Thank you for your information. I wonder if my workflow would be different given that I am animating a single image. I am making an Instagram reel and using a very large image with an aspect ratio of approx. 3:1. I start out showing the entire image so it fills the frame from side to side, at 12% scale, then zoom in so that it fills the frame from top to bottom, at 38% scale. I then pan from left to right across the image and can see the anchor point moving, eventually it leaves the screen entirely. I want to pan to sections of the image, then zoom briefly in, then repeat that in other areas. I want the zoom to be dead on. What I am experiencing instead is "drift," with the image both panning and zooming. I thought if I left off a position keyframe for the 2nd set of keyframes and only increased the scale, the image would only zoom but that's not happening. See screenshots below showing the image at the 1st set of keyframes and at the 2d - the man's face is no longer centered, but towards the left side of the frame. What's happening here? Without putting in a position value, is the zoom using the acnhor point as a reference? If so, how do I change it, and how do I know what to change it to? Many thanks.

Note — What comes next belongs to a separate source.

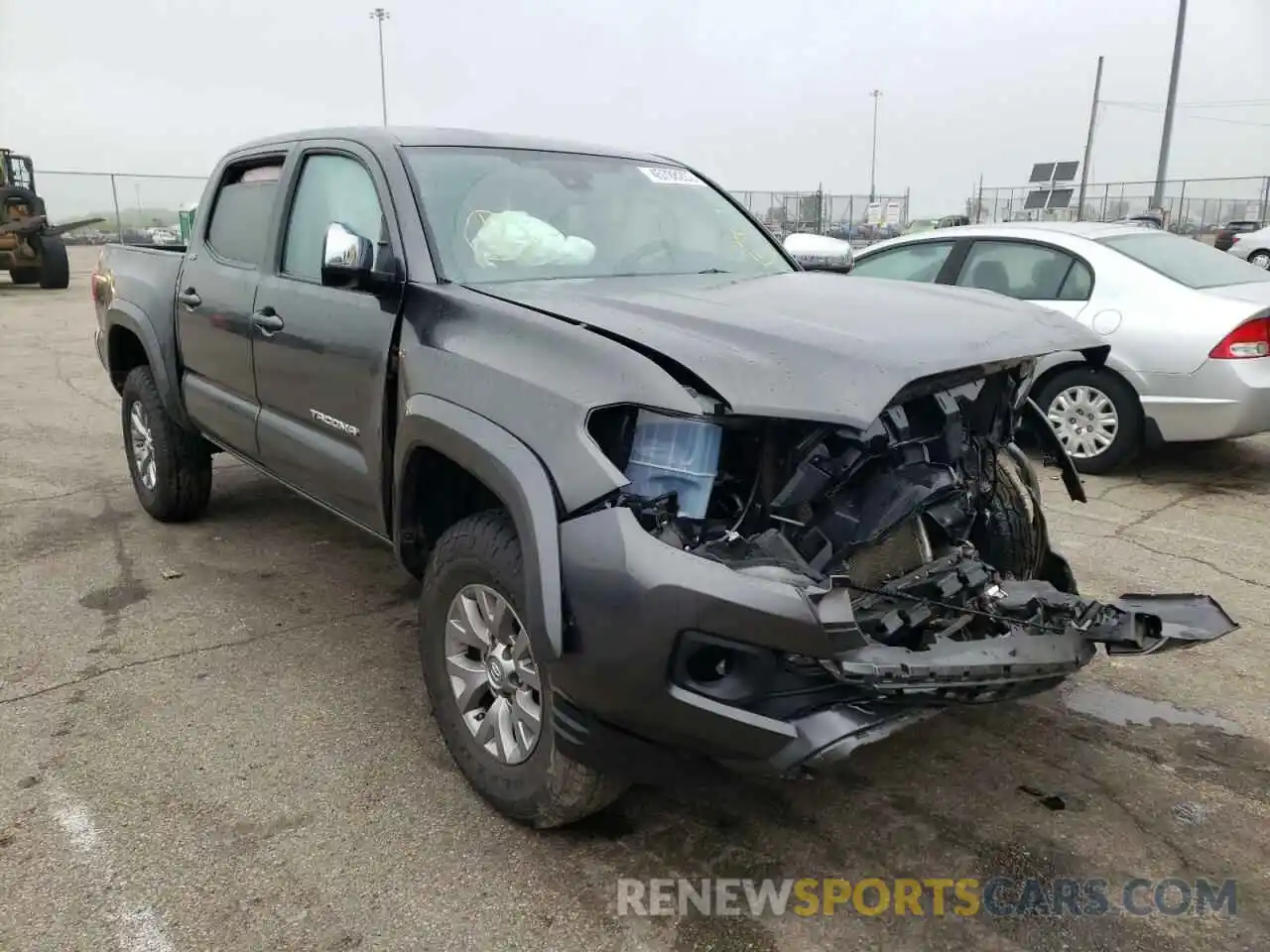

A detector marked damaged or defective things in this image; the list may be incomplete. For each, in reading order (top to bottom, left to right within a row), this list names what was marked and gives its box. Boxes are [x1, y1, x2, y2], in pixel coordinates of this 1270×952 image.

crushed front bumper [551, 508, 1234, 781]
damaged front end [573, 355, 1229, 772] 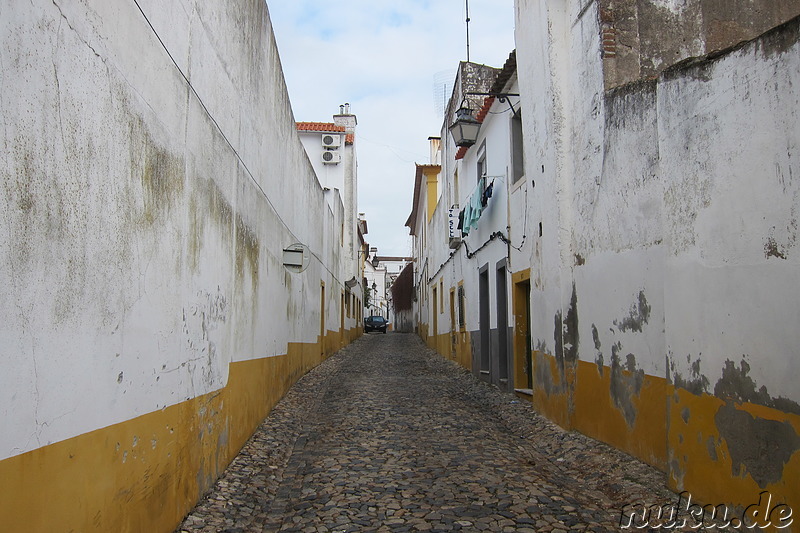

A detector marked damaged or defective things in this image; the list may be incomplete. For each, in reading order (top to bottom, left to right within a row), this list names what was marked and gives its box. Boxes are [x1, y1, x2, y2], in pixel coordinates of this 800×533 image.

Thanks to Larry Jordan, I now know that I can't achieve the desired effect using a single clip. Rather, if you want to zoom into the middle of a section of a larger clip, you need an acnhor point set to the middle of that clip, which is not where it will be for the larger clip. So I created a new clip, aligned the master clip to it at the point where i want to start zommin in, using the detail clip to zoom in on. It was a lot easier than it sounded and the results were quite good, but did take some work.